(Image-caption web data)
___

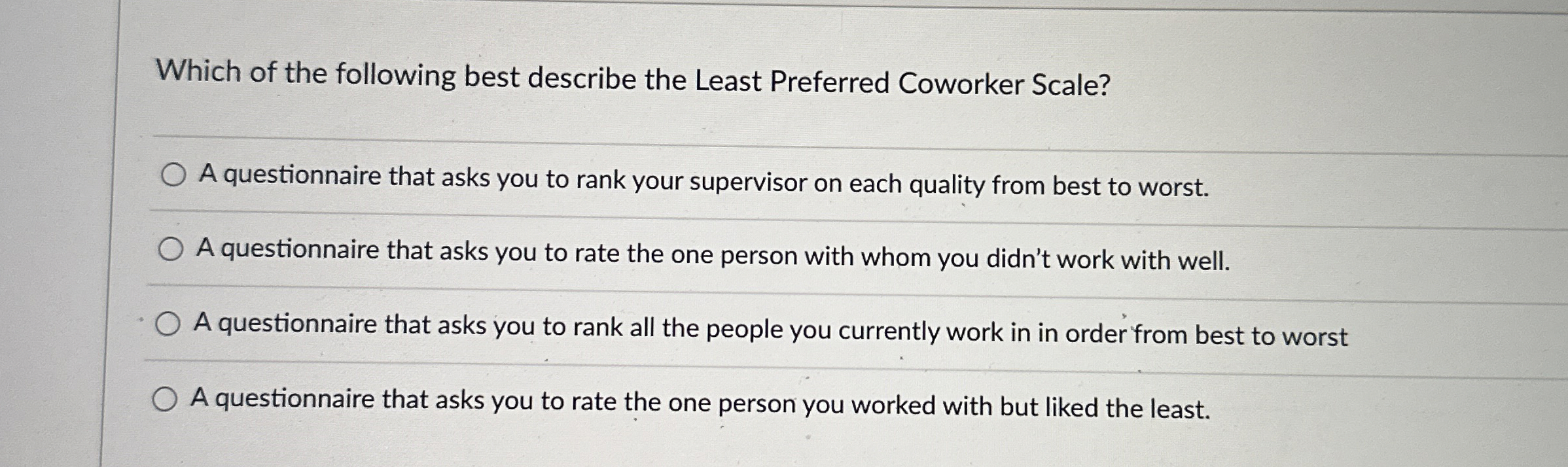 Solved Which of the following best describe the Least | Chegg.com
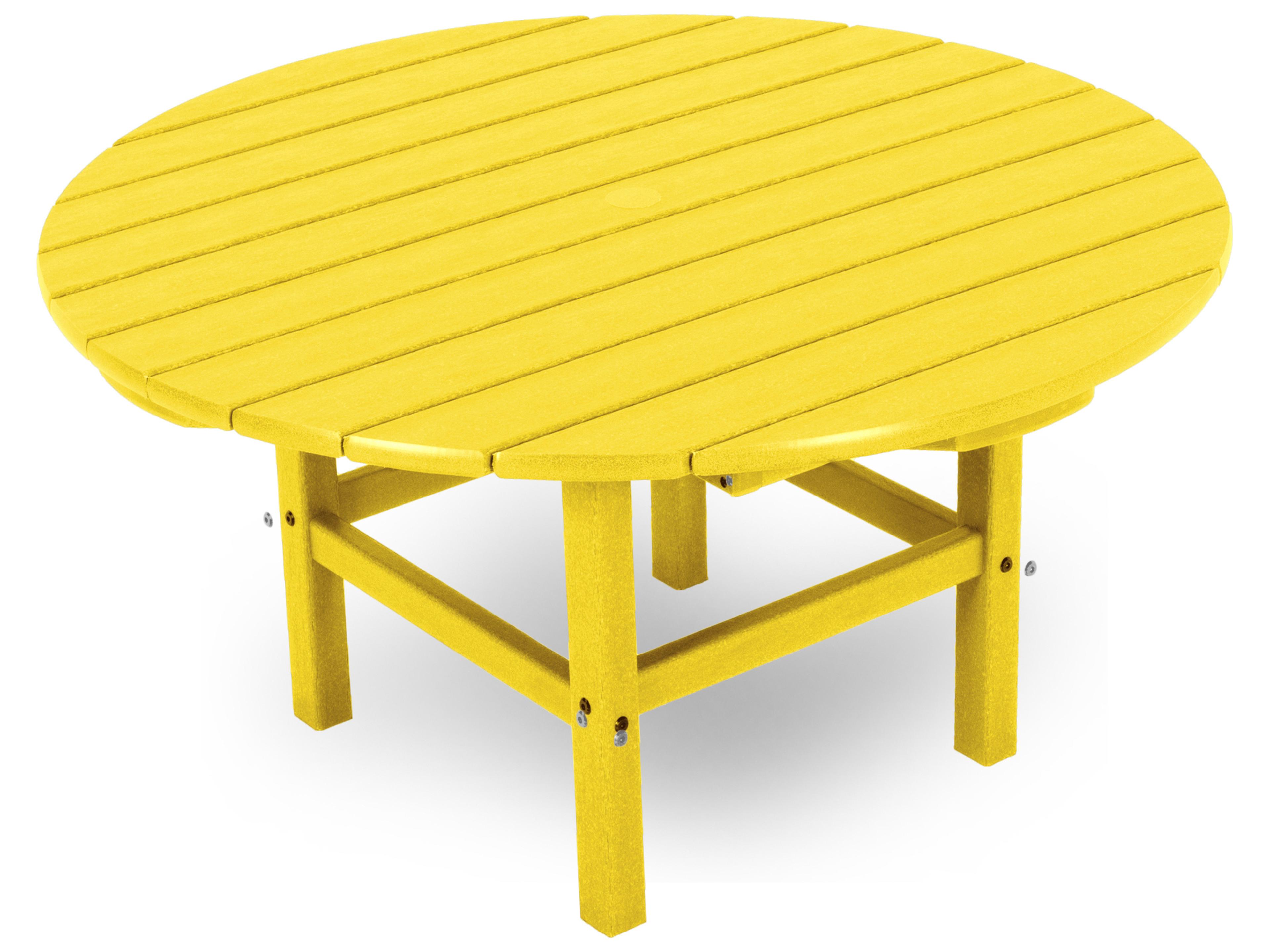 POLYWOOD® Traditional Recycled Plastic Round Outdoor Patio Conversation Table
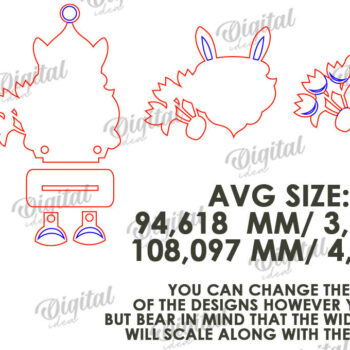 Intra απο ξύλο plywood 3mm-4mm πάχος - Easter Gnome. 3D Πασχαλινό Gnome Δίασταση 15x15 cm INTRAFABR-115404005 - Image 2
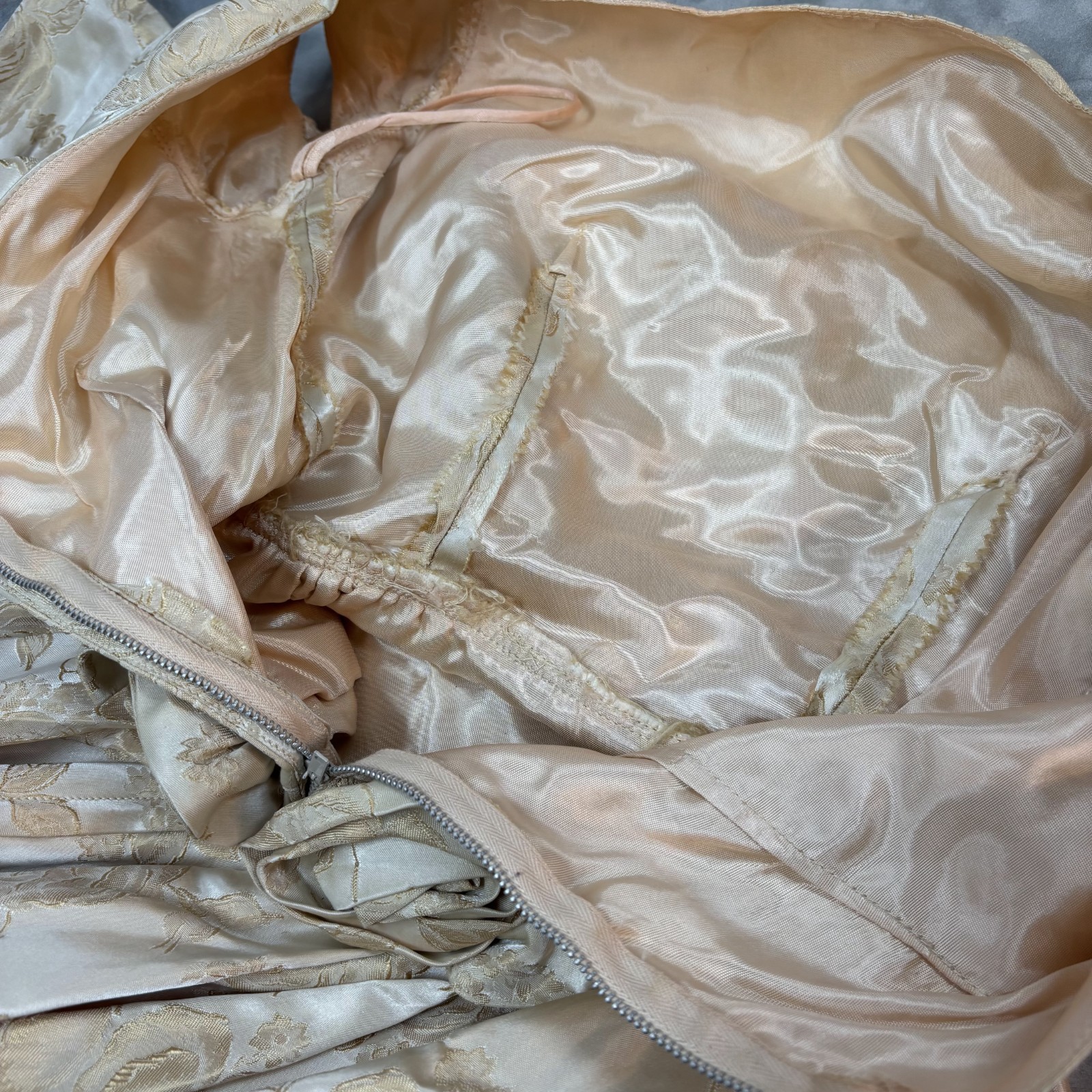 1950s Vtg Satin Brocade Formal Gown XS Champagne Rosette Waist Hand Made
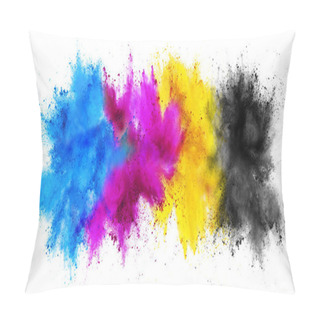 Personality  Colorful CMYK Cyan Magenta Yellow Key Holi Paint Color Powder Ex Pillow Covers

___

• [Aim of the task] What you return must match the entries above exactly, apart from the pictures, which are left out.

• [Response to this exercise]
 Solved Which of the following best describe the Least | Chegg.com
 POLYWOOD® Traditional Recycled Plastic Round Outdoor Patio Conversation Table
 Intra απο ξύλο plywood 3mm-4mm πάχος - Easter Gnome. 3D Πασχαλινό Gnome Δίασταση 15x15 cm INTRAFABR-115404005 - Image 2
 1950s Vtg Satin Brocade Formal Gown XS Champagne Rosette Waist Hand Made
 Personality  Colorful CMYK Cyan Magenta Yellow Key Holi Paint Color Powder Ex Pillow Covers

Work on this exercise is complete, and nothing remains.